If you find yourself suspecting a urinary tract infection in your dog, speak to your veterinarian about your dog’s diet. It may be enough to simply increase their water intake, and to switch over to a minimally processed, whole food, fresh, hydrated diet with fresh meat. Ensure that you are avoiding dog foods that have a carbohydrate filler and are 100% processed. Protein-heavy diet we are describing has fresh meat and it will be the primary ingredient. A diet that leads with protein will increase the acid levels in the urine, which creates a hostile environment for unhealthy and unwanted bacterias.

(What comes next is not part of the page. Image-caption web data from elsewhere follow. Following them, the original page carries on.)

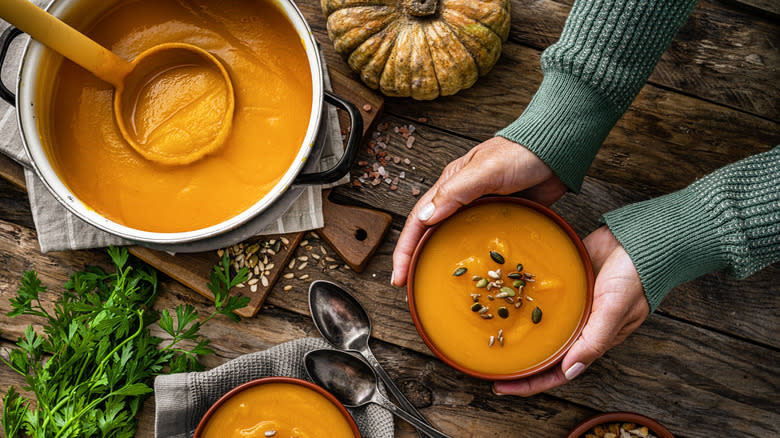 Hands holding bowl of pumpkin soup next to a pot over wooden surface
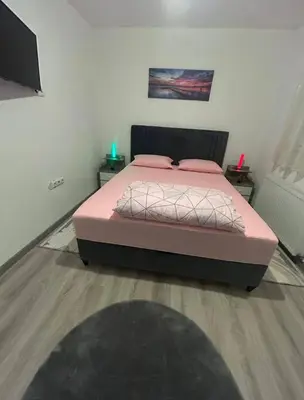 a bedroom with a bed with a pink bedspread at Stan Krndija - Tesanj in Tešanj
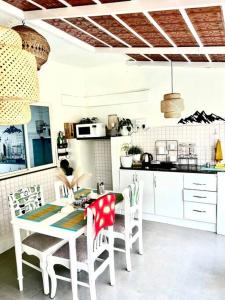 a kitchen with a table and chairs in a room at Nandi Private Residence, Bohemian Hill View Villa in Devanahalli-Bangalore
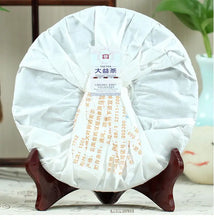 Load image into Gallery viewer, 2015 DaYi "7742" Cake 357g Puerh Sheng Cha Raw Tea - King Tea Mall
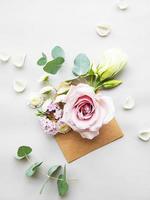 Envelope full of various flowers photo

No matter what you feed you should make sure that your dog is getting a significant amount of Omega 3’s, which is a fatty acid that is an extremely important factor in a thriving and ready-for-battle immune system. Omega 3’s are found in high quality fish and flaxseed oils. Raw food diets also contain certain types of live digestive enzymes and live probiotics which are microbiome supporting nutrients unable to be found in any other type of diet. There are no live probiotics in dry food or it would have to be refrigerated to keep them alive.
By implementing a nutritionally balanced, fresh, natural diet with raw protein, you will set your dog up for a healthy immune system and a urinary tract that is not disposed to infections or hosting hostile bacteria.